Official Social Security Update: December’s Big News Every Retiree Must Know
Every year, Social Security beneficiaries get a cost-of-living adjustment (COLA), which affects their benefits, typically increasing them to keep up with inflation. However, if you are not an enthusiastic news consumer, you may be unaware of the 2.5% increase this year, which is not good.
This is why the Social Security Administration sends beneficiaries an annual letter informing them of any changes to their benefits. This year’s notice will also be available online for recipients with My Social Security accounts. You should receive this notice in the mail in December unless paper notifications are turned off in your My Social Security Account options.
New 2.5% cost-of-living adjustment:
Given the rise, pensioners’ average monthly check, which currently stands at roughly $1,907, will increase by $50. This number may vary based on the size of your check, but it should indicate how things will play out. Compared to past rises, 2.5% appears moderate, especially compared to the 8.7% seen in 2023, but this could be a glimpse of hope for lowering inflation. Joe Elsasser, a certified financial planner and owner of Covisum, a Social Security claiming software company, cautions against being overly hopeful, saying, “Although price increases have moderated, it’s not as if inflation is over.” Inflation and prices may rise again without much warning.
Income changes may lead to Higher Taxes:
Retirees should be aware of changes in income that may result in a higher tax bracket at all times. According to CFP Brian Vosberg, owner of Vosberg Wealth Management in Glendora, California, “What we’ve seen with clients is kind of a surge in other income that has caused more of their Social Security to be taxed.”

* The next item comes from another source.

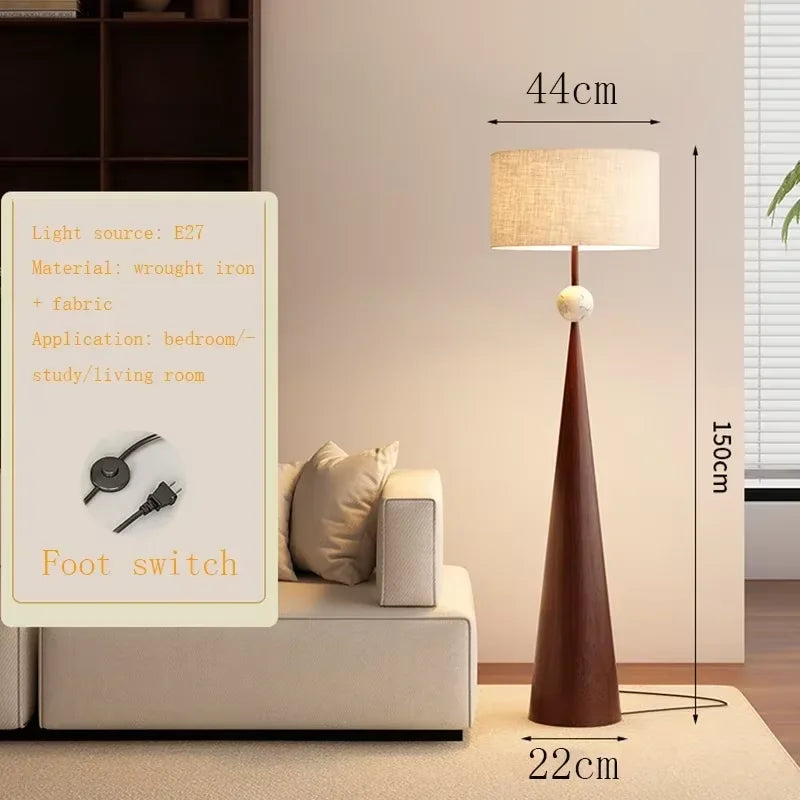 Dresden Collection | Sculptural Atomic-Era Walnut Floor Lamp - Curated Lighting for the Modern Living Collection | Woodies ON Woodlawn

It is vital to understand that Social Security income is not taxed on its own; instead, combined income, which includes adjusted gross income, nontaxable interest, and half of Social Security payments, is taxed. If this amount exceeds a specified threshold, it will be taxed. Beneficiaries can request that federal tax withholding be deducted from their benefit payments to avoid surprises. Getting proactive in tax planning is the most excellent approach to prevent overpaying. Vosberg suggests purchasing an annuity that allows the interest to grow tax-deferred or cutting income from other sources, such as IRA withdrawals, to help mitigate the impact.